Cuenta que la jornada de trabajo en la temporada comienza a las 6 y finaliza a las 14 horas. Fuera del tiempo de cosecha, cuando se realizan tareas de mantenimiento, de 8 a 16.30. "Afrontamos viento, lluvia, sol. Siempre estamos para todo tipo de trabajo", dice con orgullo.

Eliana tiene una relación de aprecio con la empresa que la contrató

Su rutina en la empresa Extraberries incluye poda, armado de plantas jóvenes, cuidados para que cada árbol llegue firme a la temporada y hasta el conteo de cerezas por planta, un paso clave para estimar la producción. También conoce de cerca el riesgo de las heladas que ponen en jaque al cultivo, aunque aclara que “ese trabajo lo hacen los hombres”, debido al manejo del riego por aspersión y equipos específicos.

Antes de llegar a la cereza de Chimpay, trabajó con la uva en Expofrut, la histórica empresa que se radicó en Lamarque y lideró durante décadas la exportación de fruta y que dejó de operar en 2019. Cuando en Chimpay surgió la posibilidad de incorporarse a la producción de cerezas, no lo dudó: "Fui, aprendí y me gustó. Ahí quedé", recuerda. La decisión también estuvo impulsada porque en la localidad vivía el padre de su pareja Alfredo, lo que terminó de acercarla a esta nueva vida.

En la descripción que hace Eliana sobre el trabajo en las chacras, se repite la idea de dedicación y esfuerzo: "Es muy sacrificado el trabajo. Pasamos mucho frío en las heladas y también nos exponemos mucho al sol. Lo hacemos para ayudar en la casa."

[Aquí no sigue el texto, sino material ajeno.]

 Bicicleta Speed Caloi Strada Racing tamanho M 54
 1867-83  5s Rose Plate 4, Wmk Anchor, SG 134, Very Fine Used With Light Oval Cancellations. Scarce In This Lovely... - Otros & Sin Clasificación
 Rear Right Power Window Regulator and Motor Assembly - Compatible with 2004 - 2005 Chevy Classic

En Chimpay se producen 14 variedades de cerezas que se exportan

Habla también de sus compañeras, algunas jefas de hogar, que pasan buena parte del día lejos de sus hijos. "Es un sacrificio bastante duro, pero es una manera de salir adelante. Además hay que cuidarse para no accidentarte. Lo más duro es dejar a tus chicos tantas horas", señala.

Esa doble carga —la laboral y la familiar— es parte del desafío de ser mujer en un sector históricamente asociado a la fuerza física y al trabajo masculino. Pero en Chimpay, la presencia femenina ya es indispensable. 

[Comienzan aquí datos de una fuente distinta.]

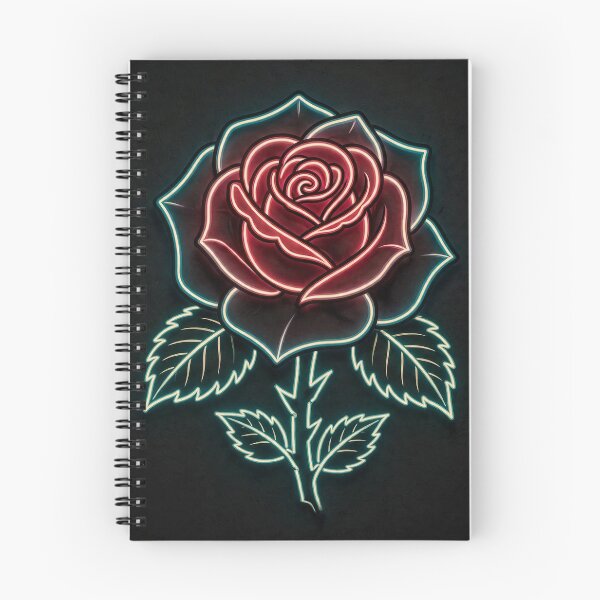 Item preview, Neon Rose Light Art designed and sold by Gangster-Design.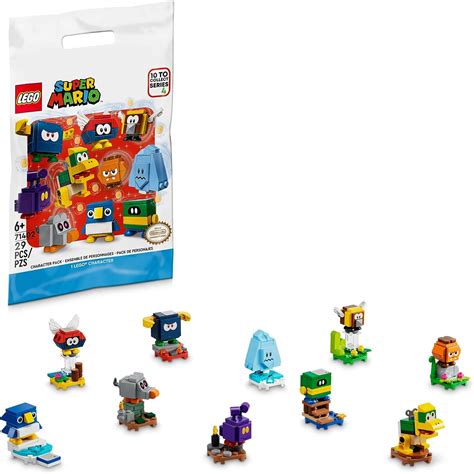 LEGO Super Mario Character Packs – Series 4 71402 Building Kit ...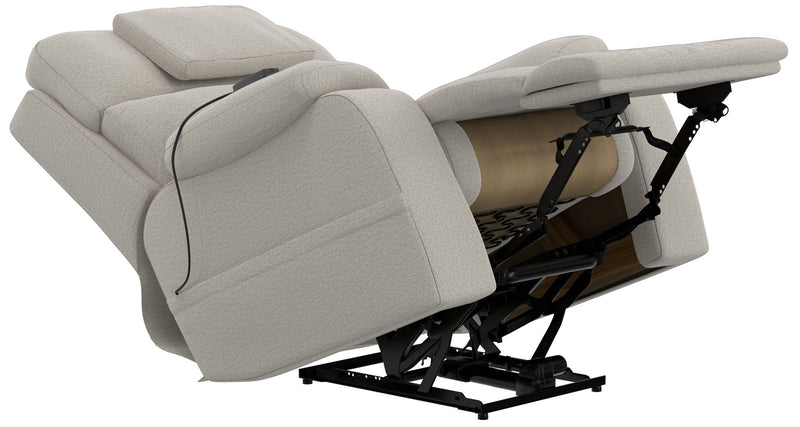 Dreamtime - Power Headrest Power Lay Flat Recliner With CR3 Heat/Massage/Zero Gravity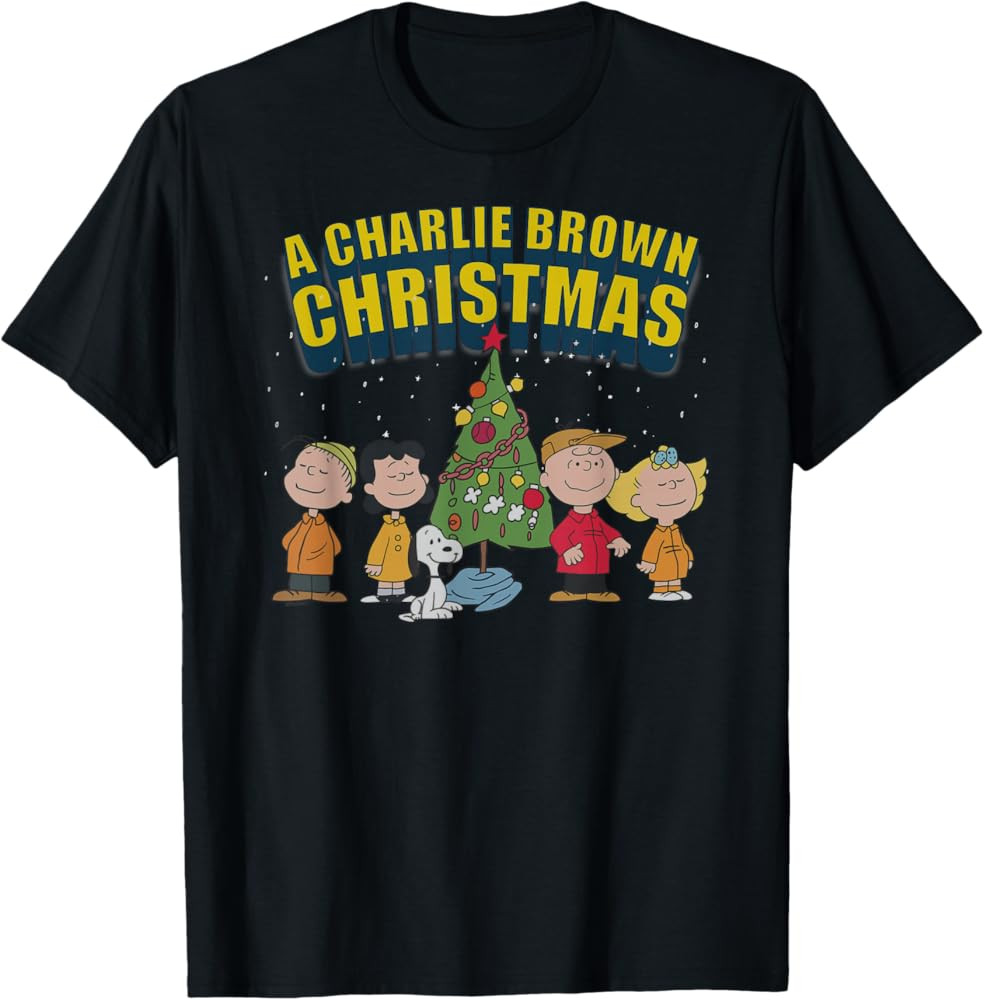 Peanuts Charlie Brown Christmas Special T-Shirt | Amazon (US)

En cuanto a los ingresos, explica que una mujer contratada para la cosecha —si trabaja los 24 días del mes— puede cobrar alrededor de 900.000 pesos, y que quienes son efectivas “ganan un poco más”. En la empresa trabajan entre 8 y 9 mujeres durante el año entre temporales y efectivas. 

Este año Eliana no pudo sumarse a la temporada. Una cirugía de la cervical la obligó a frenar el ritmo, algo poco común en su vida acostumbrada a la actividad constante. Cuando repasa su vida en las chacras admite que fue un trabajo que exigió mucho de ella, aunque siempre repite algo con firmeza y agradecimiento: "Fue una manera de salir adelante".